Il rendimento dei titoli di Stato giapponesi a 10 anni è salito di sei punti base al 2,32%, vicino al livello più alto dal 1999.
In Corea, il Kospi perde oltre il 6%, si tratta del calo più marcato dal 9 marzo, zavorrato soprattutto dai giganti dei chip Samsung Electronics -6% e SK Hynix -7%.
Il won sudcoreano ha perso fino allo 0,5% a 1.512,30 e ha raggiunto il livello più basso dal marzo 2009 rispetto al dollaro.

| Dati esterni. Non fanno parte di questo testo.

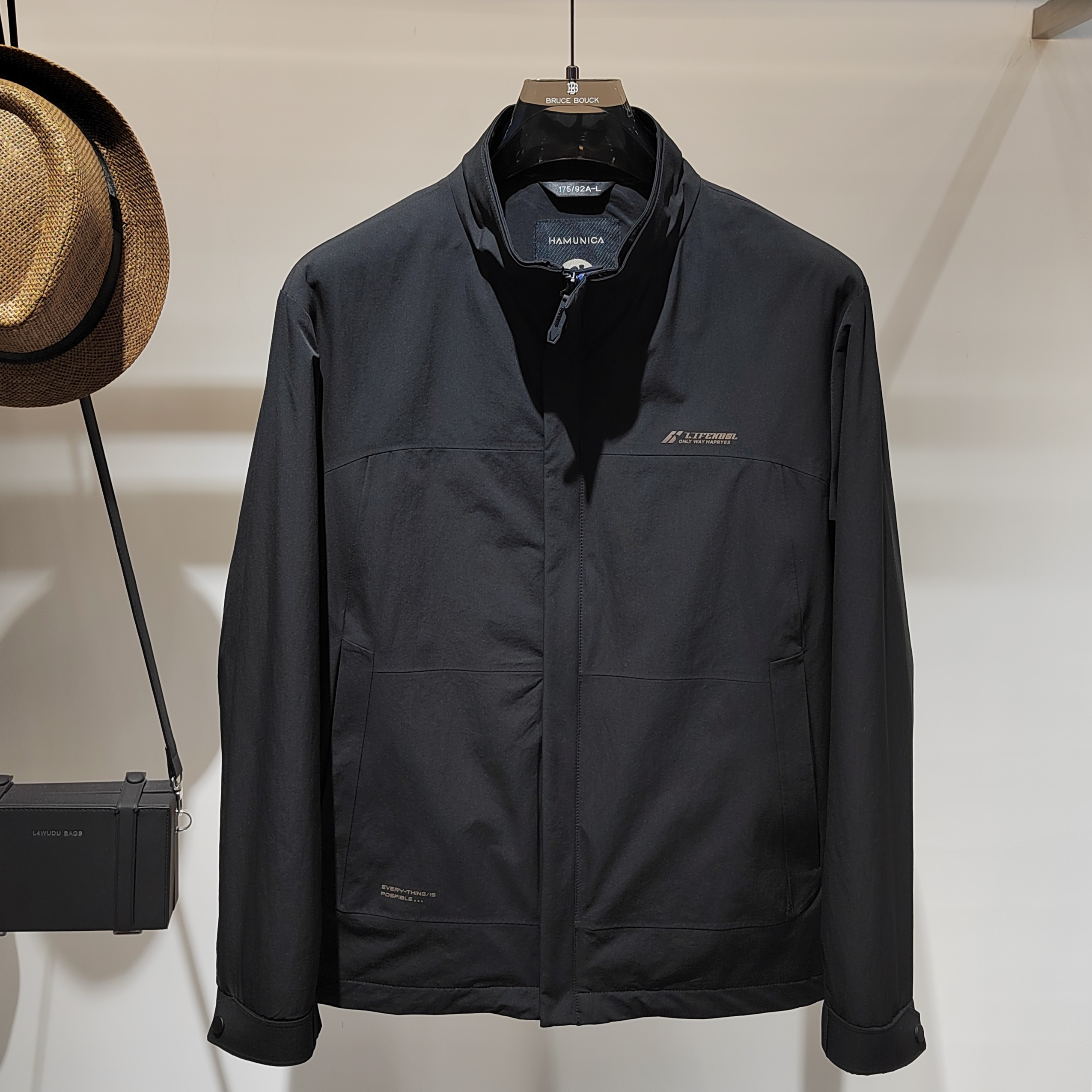 男士新款秋冬季立领夹克外套上衣轻薄保暖男装休闲外套男装中老年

Le azioni coreane sono state molto volatili dall’inizio della crisi in Medio Oriente, soprattutto a causa delle preoccupazioni legate alla dipendenza del Paese dal petrolio importato, che hanno superato l’ottimismo generato dalla diffusione dell'intelligenza artificiale.
L'instabilità del mercato ha portato a un numero insolitamente elevato di sospensioni delle contrattazioni da parte della Korea Exchange. Lunedì, la borsa ha attivato un cosiddetto "sidecar" e ha sospeso il trading per cinque minuti. È stato il decimo sidecar dell’anno, rispetto ai tre dell’intero 2025, e il numero più alto dal 2008.
Nel frattempo, Shin Hyun Song, alto funzionario della Bank for International Settlements, è stato nominato governatore della banca centrale del Paese. "È probabile che si concentri maggiormente sul debito delle famiglie e sulla stabilità del cambio, segnando un chiaro spostamento rispetto a una politica monetaria focalizzata su crescita e inflazione”, ha dichiarato Jeong-woo Park, economista di Nomura. "Considerando la sua esperienza alla BIS e le condizioni macroeconomiche della Corea, ritengo sia più incline a una posizione restrittiva".
In Cina, il CSI 300, gli indici Shanghai Composite e Shenzhen Composite perdono il 3%. Hang Seng di Hong Kong -3,6%.
Il premier cinese Li Qiang ha dichiarato di prendere in considerazione le preoccupazioni dei partner commerciali relative all’ampio surplus della Cina.
Pechino teme che questo fattore possa compromettere le relazioni con gli altri Paesi, dopo aver faticosamente raggiunto una tregua con gli Stati Uniti sui dazi. "Prendiamo seriamente le preoccupazioni dei nostri partner commerciali e siamo pronti a lavorare con tutte le parti per promuovere uno sviluppo sano ed equilibrato del commercio", ha dichiarato Li durante un discorso al China Development Forum tenutosi a Pechino domenica. "Aumenteremo ulteriormente l’accesso al mercato per il settore dei servizi e incrementeremo le importazioni di prodotti medici e sanitari, tecnologie digitali e servizi a basse emissioni di carbonio, per offrire maggiori opportunità di business alle aziende straniere", ha aggiunto.
Lo scorso anno, la Cina ha registrato un surplus commerciale record di 1.200 miliardi di dollari e le esportazioni hanno continuato a crescere nei primi due mesi del 2026.
Il Taiex di Taiwan e il Nifty 50 dell’India perdono il 2,5%. Negativa anche la borsa australiana, S&P/ASX 200 -0,8%.